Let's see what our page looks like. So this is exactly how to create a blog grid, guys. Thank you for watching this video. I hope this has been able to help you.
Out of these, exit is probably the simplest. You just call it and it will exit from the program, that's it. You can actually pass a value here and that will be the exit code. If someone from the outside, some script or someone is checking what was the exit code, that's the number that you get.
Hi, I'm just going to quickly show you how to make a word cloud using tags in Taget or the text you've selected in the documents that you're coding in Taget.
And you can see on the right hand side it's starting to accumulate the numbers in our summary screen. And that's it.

-------------------------

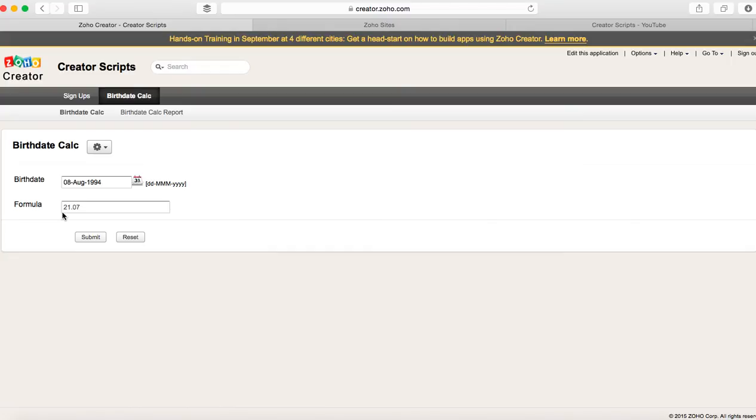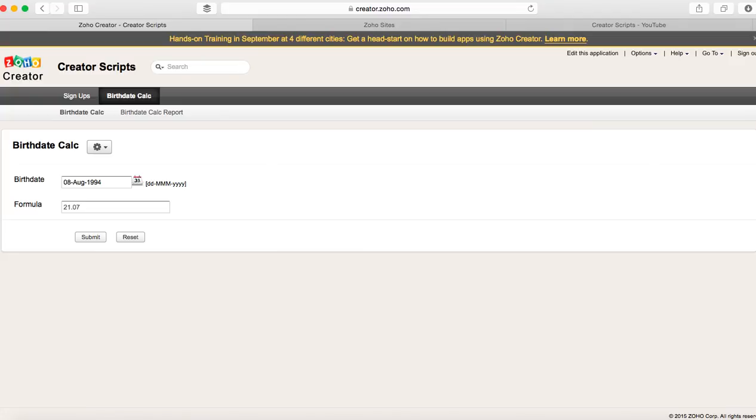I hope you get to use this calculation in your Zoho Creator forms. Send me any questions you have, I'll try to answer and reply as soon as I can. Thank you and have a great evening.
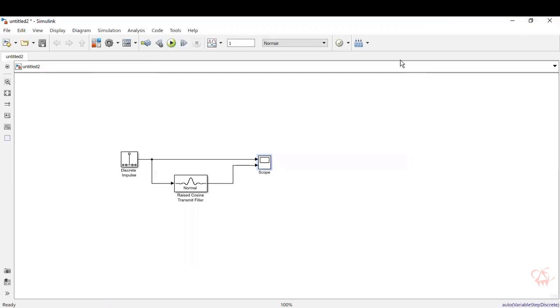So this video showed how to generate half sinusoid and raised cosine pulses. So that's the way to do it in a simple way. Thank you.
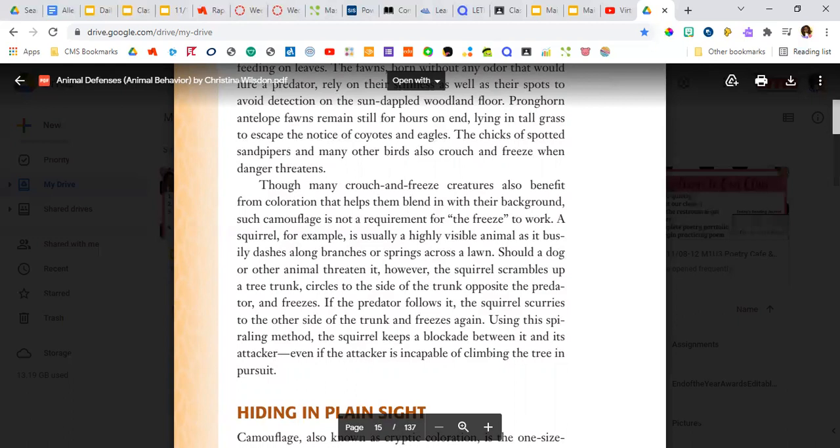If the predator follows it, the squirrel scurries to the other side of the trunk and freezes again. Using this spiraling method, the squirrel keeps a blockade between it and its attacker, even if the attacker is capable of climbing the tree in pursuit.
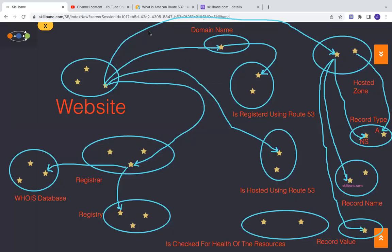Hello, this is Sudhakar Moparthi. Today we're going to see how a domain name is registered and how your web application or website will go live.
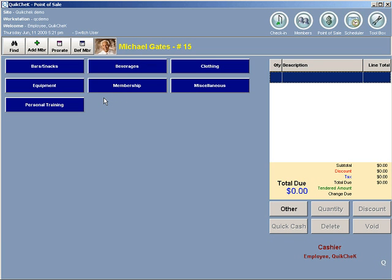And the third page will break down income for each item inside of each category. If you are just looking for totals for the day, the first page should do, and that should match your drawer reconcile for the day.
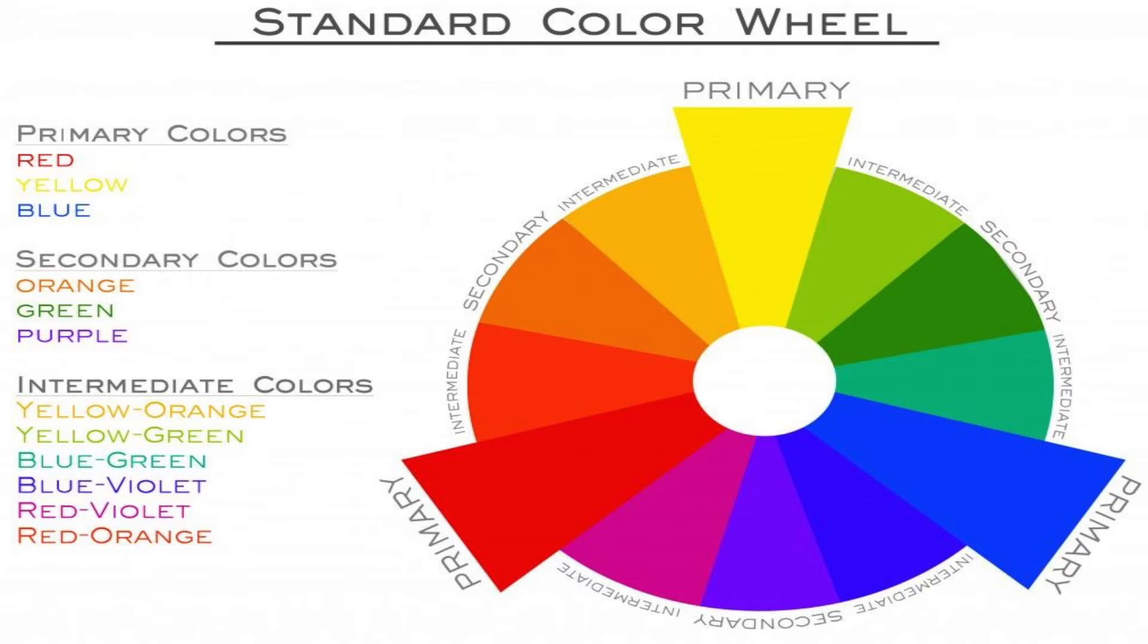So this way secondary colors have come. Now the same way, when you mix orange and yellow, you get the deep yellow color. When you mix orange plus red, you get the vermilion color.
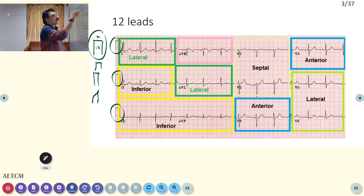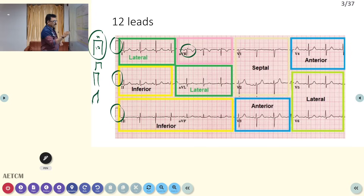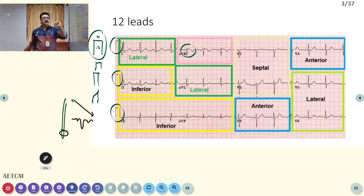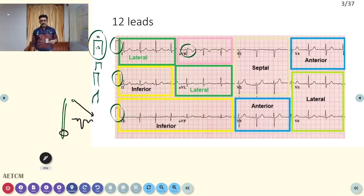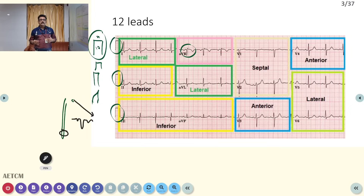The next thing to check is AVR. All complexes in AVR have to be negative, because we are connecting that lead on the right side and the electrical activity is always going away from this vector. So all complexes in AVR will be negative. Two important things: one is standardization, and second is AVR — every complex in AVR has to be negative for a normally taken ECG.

-------------------------

■ Exercise brief ■
Output the lines above between the one holding "Let's see what" and the one holding "And you can", inclusive, with nothing before or after them.

■ Written answer ■
Let's see what our page looks like. So this is exactly how to create a blog grid, guys. Thank you for watching this video. I hope this has been able to help you.
Out of these, exit is probably the simplest. You just call it and it will exit from the program, that's it. You can actually pass a value here and that will be the exit code. If someone from the outside, some script or someone is checking what was the exit code, that's the number that you get.
Hi, I'm just going to quickly show you how to make a word cloud using tags in Taget or the text you've selected in the documents that you're coding in Taget.
And you can see on the right hand side it's starting to accumulate the numbers in our summary screen. And that's it.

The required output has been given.